# Problem description
Please return the listing below word for word, minus its pictures.

# Data
- - - -

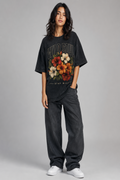 Wild Soul T-Shirt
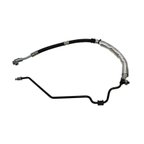 Rein PSH0470 Power Steering Pressure Hose - view 5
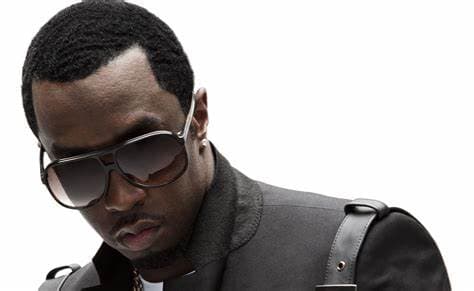 Puff Diddy fait appel de sa condamnation et de sa peine pour incitation à la prostitution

- - - -

# Expected output
 Wild Soul T-Shirt
 Rein PSH0470 Power Steering Pressure Hose - view 5
 Puff Diddy fait appel de sa condamnation et de sa peine pour incitation à la prostitution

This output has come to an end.